- DATA EXTRACTS:

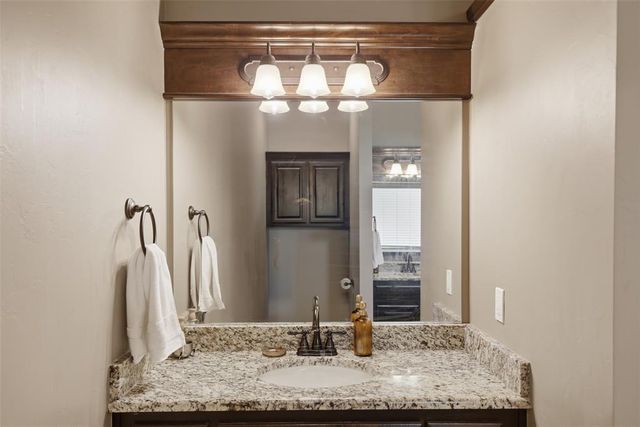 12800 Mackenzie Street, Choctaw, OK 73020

* * *

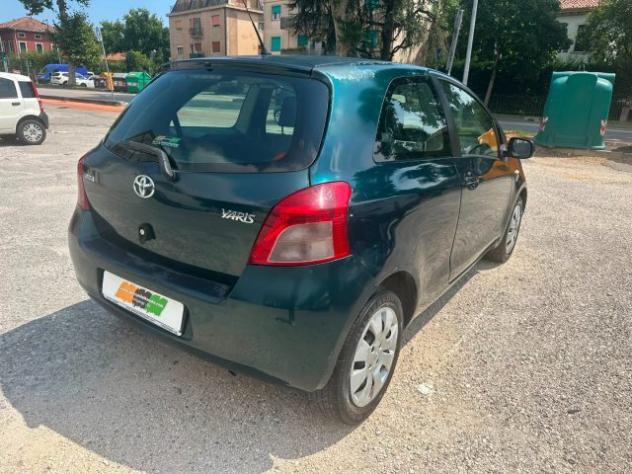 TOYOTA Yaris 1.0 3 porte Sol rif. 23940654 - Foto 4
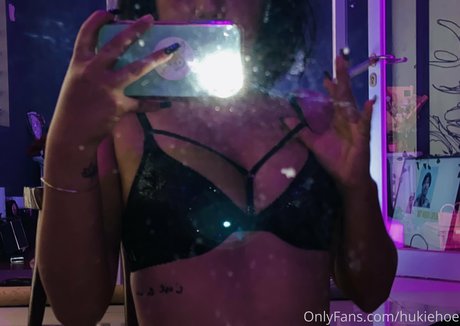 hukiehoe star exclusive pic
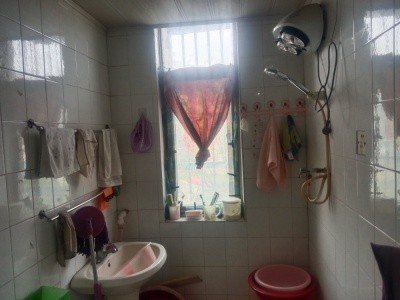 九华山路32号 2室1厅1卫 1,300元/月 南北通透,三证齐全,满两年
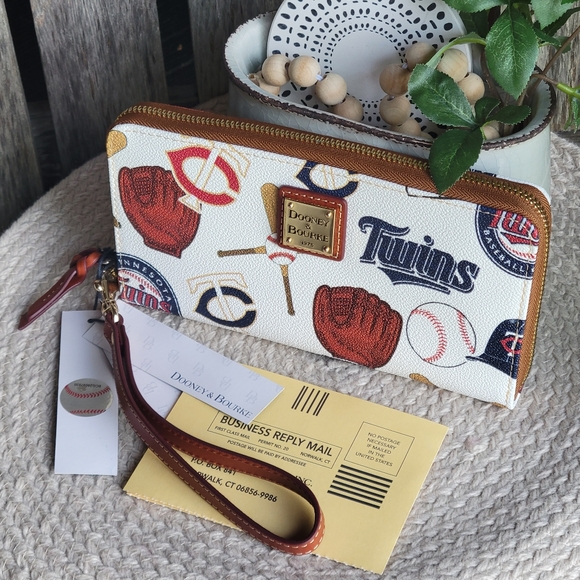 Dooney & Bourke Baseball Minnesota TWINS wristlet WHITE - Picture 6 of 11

...

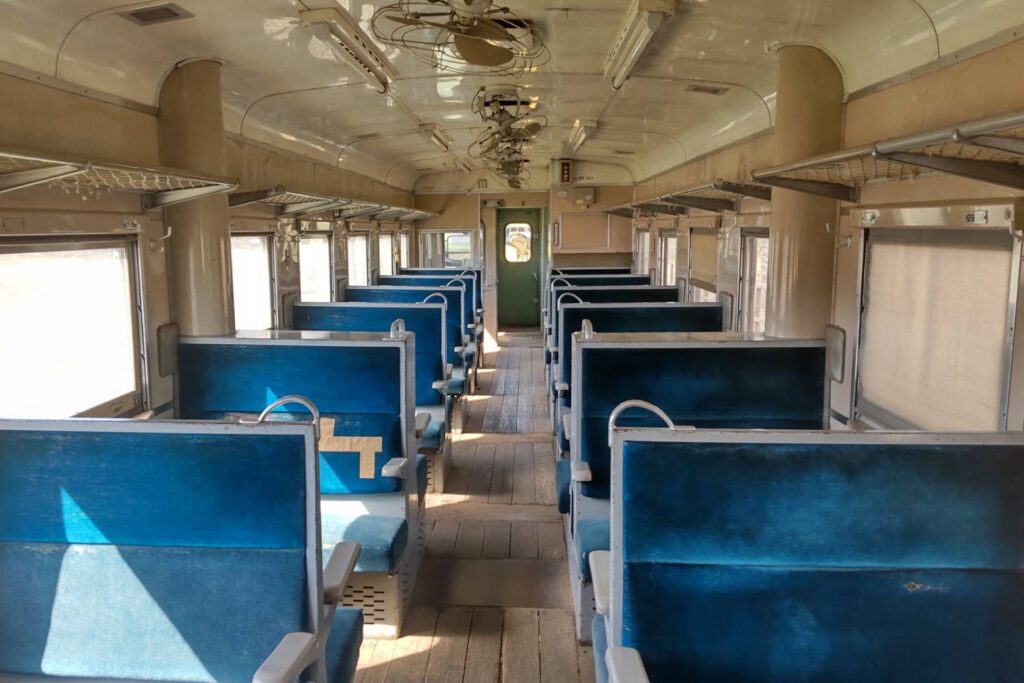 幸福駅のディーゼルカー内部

- DESCRIPTION OF THE TASK: Using the entries above, reproduce word for word only the lines from the one that contains "hukiehoe star exclusive pic" to the one that contains "Dooney & Bourke", both ends included, and drop every picture.

- SOLUTION TO THE EXERCISE:
 hukiehoe star exclusive pic
 九华山路32号 2室1厅1卫 1,300元/月 南北通透,三证齐全,满两年
 Dooney & Bourke Baseball Minnesota TWINS wristlet WHITE - Picture 6 of 11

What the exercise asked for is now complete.